Work request: Below are entries; repeat exactly, and nothing else, the lines from the one holding "Bir kova dolusu" through the one holding "The highly visible", inclusive. Leave the pictures out.
START Provided data
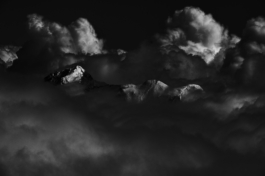 Black and white image of moody clouds with mountain poking through. Ross Woodhall - Action & Lifestyle Photography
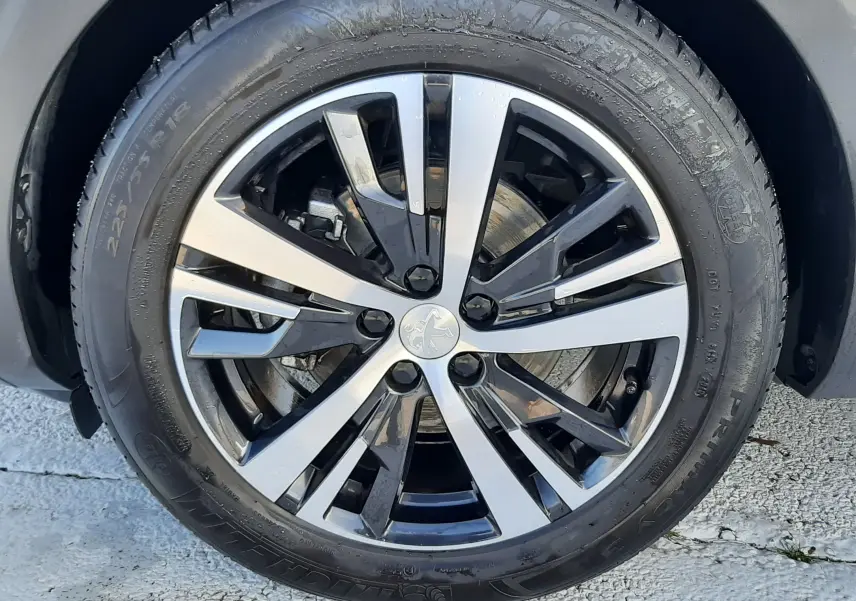 Gros plan sur la jante alliage bicolore noir et argent d’un Peugeot 3008 gris Amazonite, vue côté droit.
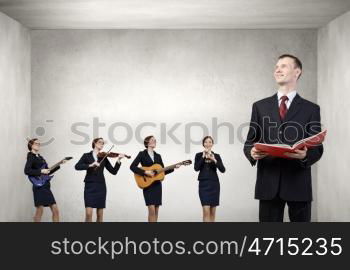 Young woman in suit playing different music instruments. One man band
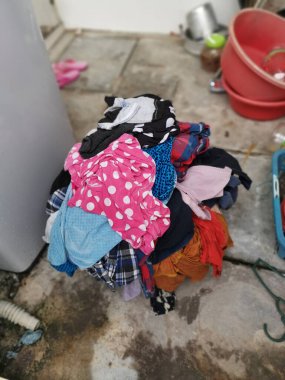 Bir kova dolusu kirli çamaşır çamaşır makinesinde yıkanmaya hazır.
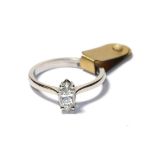 A diamond solitaire ring, the marquise cut diamond in a white claw setting, to a tapered shoulder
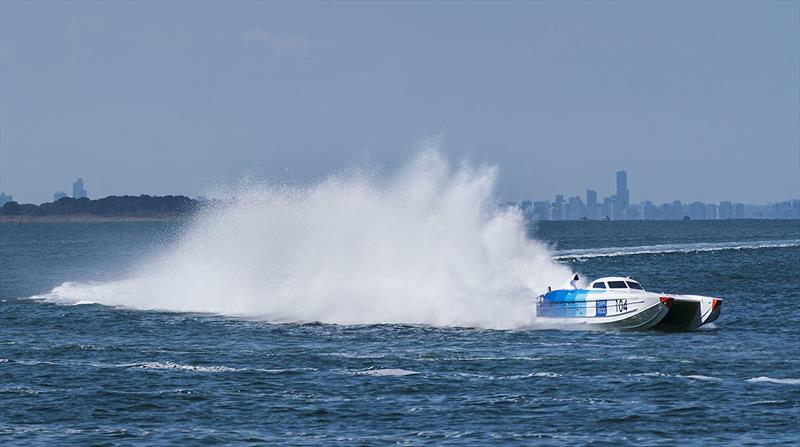 The highly visible rooster tail caused by the surface piercing drives of  the Class One boats - Offshore Superboat Championship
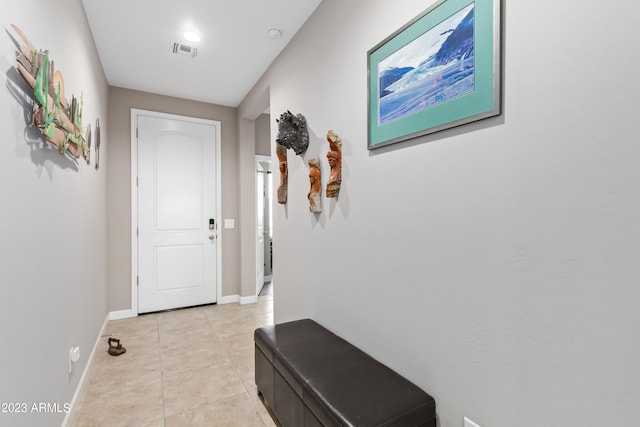 hall with light tile patterned flooring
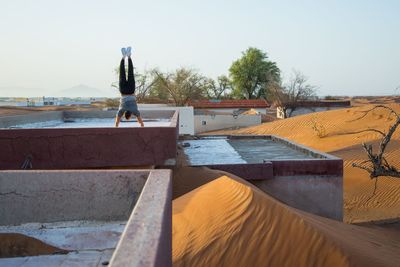 Man doing handstand on rooftop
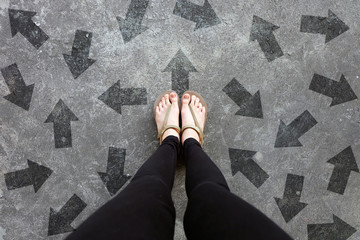 Many Direction Arrow Choices. Gold Shoes Isolated on Concrete Floor,Top View. Woman Standing is...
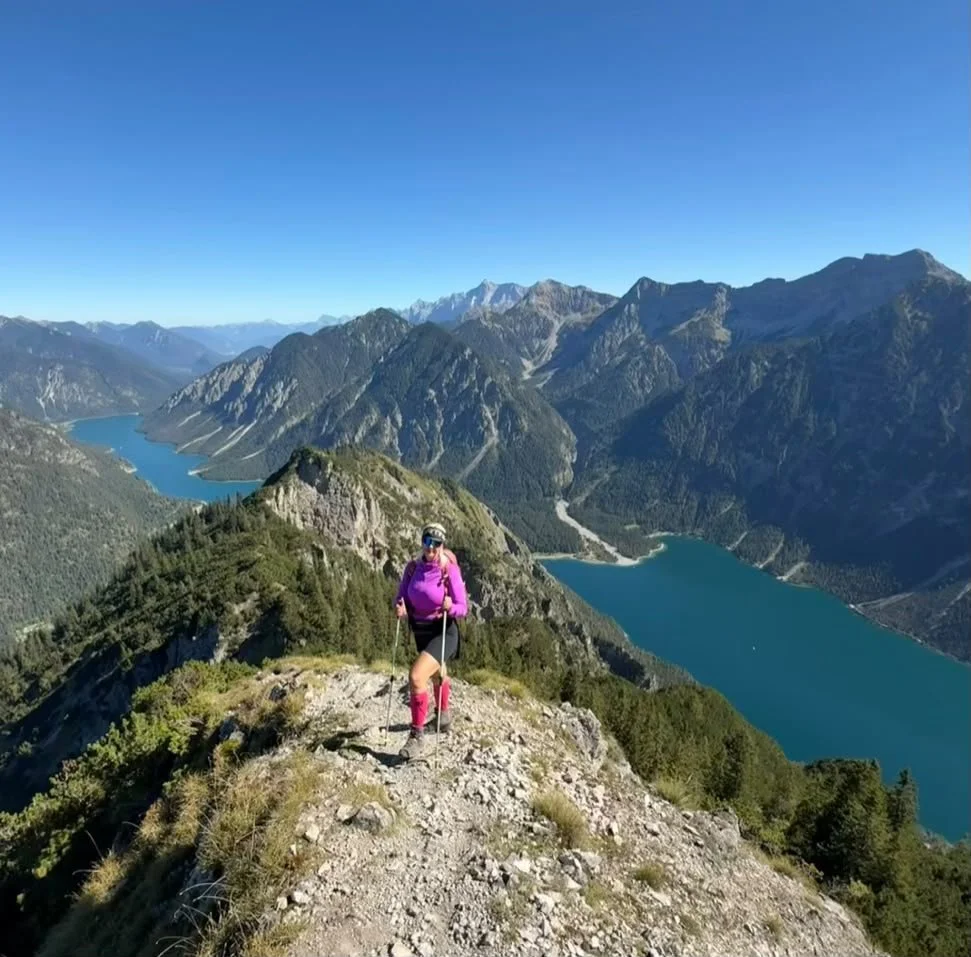 Wanderin auf dem felsigen Weg zur Tauernspitze mit Panoramablick auf den Plansee und den Heiterwanger See in Tirol.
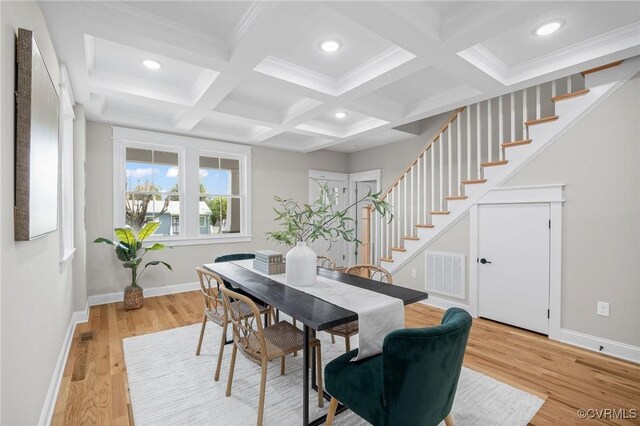 dining area featuring coffered ceiling, beam ceiling, ornamental molding, and hardwood / wood-style flooring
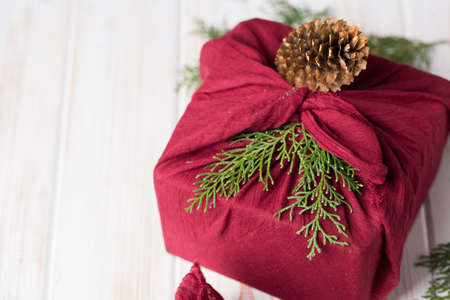 Christmas furoshiki wrapping. Ethical christmas gift. Zero waste concept 2020の写真素材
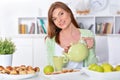 Portrait of beautiful young woman pouring tea in cup Royalty Free Stock Photo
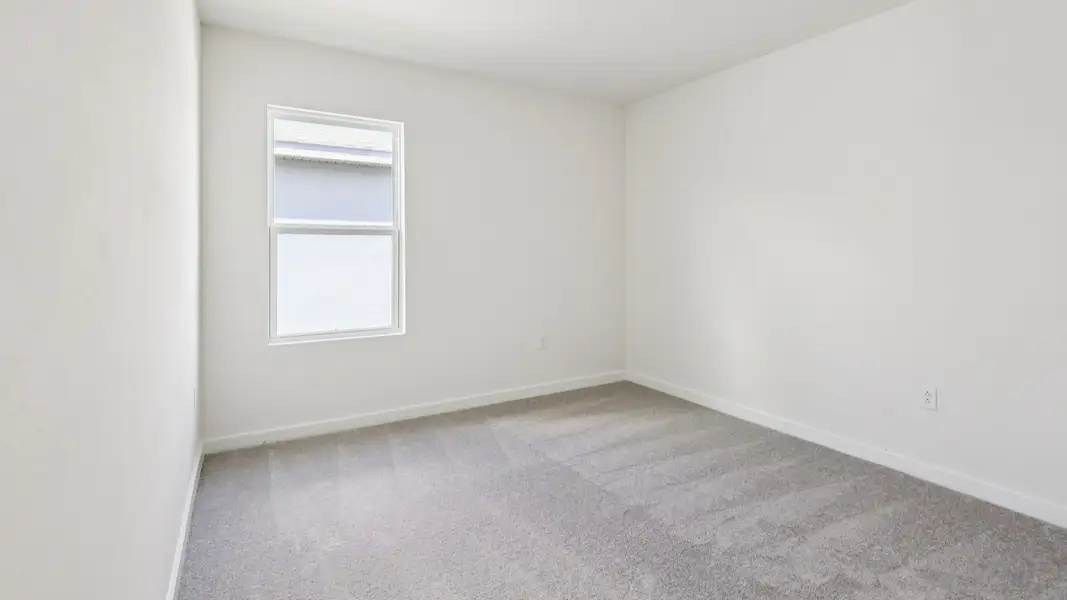 Representative unfurnished interior of a home built from the Baker by DRB Homes in Liberty Trace, Haines City (Image 28).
END Provided data
Written solution:
 Bir kova dolusu kirli çamaşır çamaşır makinesinde yıkanmaya hazır.
 A diamond solitaire ring, the marquise cut diamond in a white claw setting, to a tapered shoulder
 The highly visible rooster tail caused by the surface piercing drives of  the Class One boats - Offshore Superboat Championship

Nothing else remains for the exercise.